Digital sensors
- Gabriele Moauro
- 25 mar 2019
- Tempo di lettura: 3 min

Digital sensors are the electronic components that capture the images and translate them into data to be stored in the memory card: They are therefore the photosensitive element of the cameras and have now supplanted the various types of film, At least in the most widespread use.
Here we describe what these elements are: you enter a purely technological field. To take photographs in a conscious way is not essential To know how it works: even if the understanding of how to form images today through electronics can be useful and interesting. I Carry some basic concepts.
When It comes to sensor, we immediately associate the value of image resolution, namely the ability to make details: Since the image is recorded by the sensor, let's talk about its total resolution, which is measured in millions of pixels total (so-called Megapixel or MP).
To understand the factors that determine the quality of the images, it is necessary to introduce the concept of photosite which is the unitary part of the sensor (belongs to the hardware category). The Pixel represents a data group describing the chromatic characteristics of the smallest detail of the image (it belongs to the software category).
The sensors are divided into two categories: CCD (Charge-Coupled Device) and CMOS (Complementary Metal Oxide Semiconductor). The manufacturing processes of the two sensors are different, as is the arrangement of the circuits on them: they are always platelets full of photosites that collect and convolete the light.
The light hitting the sensor is stored in every photosite as An electrical charge. From each photon one develops an electron, which generates electrical voltage. The electrical charge is then converted by means of an analog-digital converter (ADC), in digital data.
The sensors have no understanding of the colors of reality: they react to the photons that invest them and they free electrons, without being absolutely sensitive to the color of perceived light. To Obtain the colour, a mosaic filter is placed in front of the sensor, with a red, green and blue motif: The diagram shows the Bayer filter pattern, the most widespread.

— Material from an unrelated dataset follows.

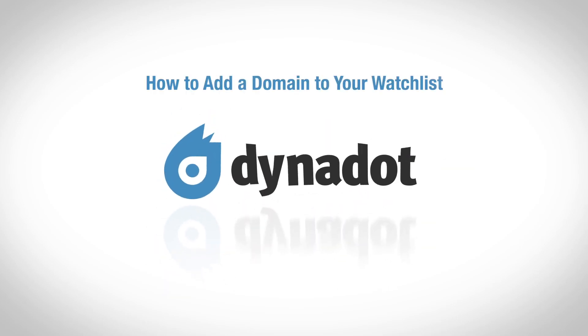Hello there! In this video, we'll go over how to add a domain to your Dynadot watch list.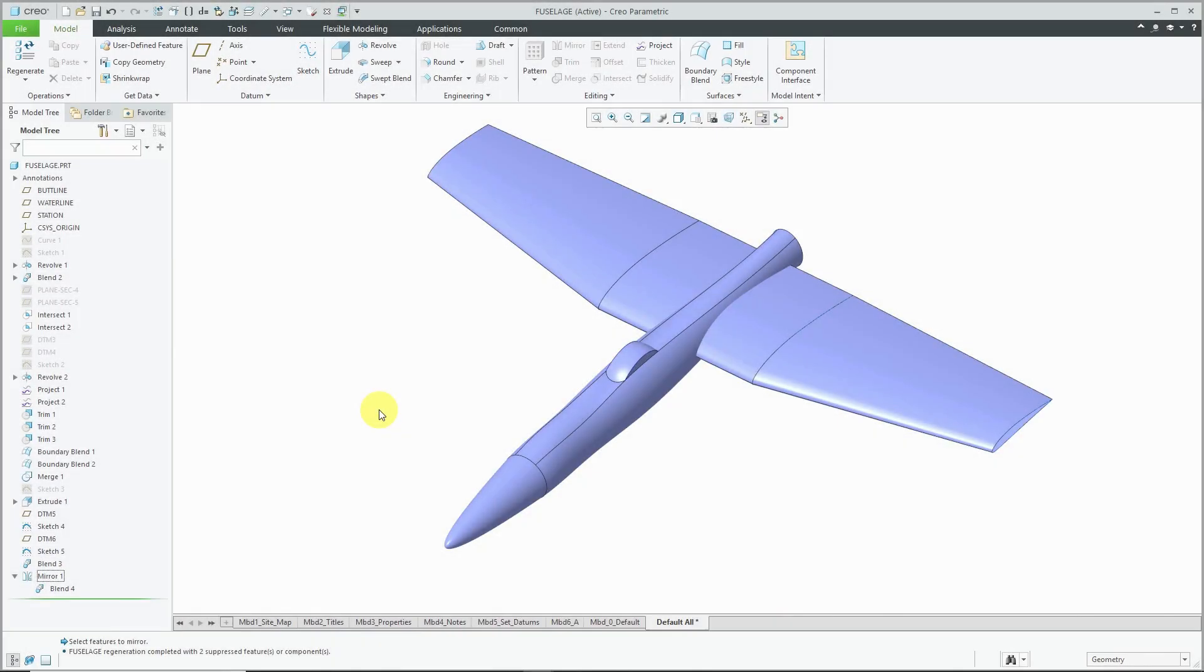I'm in Creo Parametric 6.0, but there is an enhancement that was made in Creo Parametric 5.0 that I never made a video for, and it's the ability to reapply a mirror feature. Let me show you what that means.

The Bayer filter consists of an array of colored dots of the same size as the sensor and with a very precise layout. The ratio are 2 green dots for 1 point or red or blue, because the human eye is more sensitive to the green color: it is precisely in that area of the visible spectrum that we can recognize a greater number of details and nuances.
So the light crosses the filter, it hits the sensor and it records the brightness value of a single color: if we were to remove the Bayer filter, our sensor would record black and white images.


To reconstruct all the values RGB (red, green and blue) comes into play the demosaicing: An algorithm that allows to reconstruct, thanks to interpolation techniques, all the colors of the image starting from the data supplied by the sensor. Bilinear interpolation allows you to detect missing channel values at a point, starting from adjacent points: if the Red and Green values fail in the Blue point, they are calculated from the adjacent Red and Green Dots, through the software interpolation of Missing color points (and exploiting as much as possible the fact that the green pixels are in double quantity compared to the red and blue ones).
One of the things to keep in mind is that the sensors respond to the light in a linear manner. That is, they return an electrical charge directly proportional to the amount of light received: graphically corresponds to a straight line. The problem is that the human visual system is much more advanced and "accommodating": we do not see suddenly the highlights or deep shadows disappear. Our response, and that of films, is not linear and this allows us to see the details in a wider tonal range than that of the digital sensor.
Between the acquisition of the data of an image and its storage in the memory card there are other passages: each manufacturer uses a particular technology, aimed at correcting data acquisition errors and obtaining the best possible result. An insight into sensor technology in the article CCD and CMOS Sensors.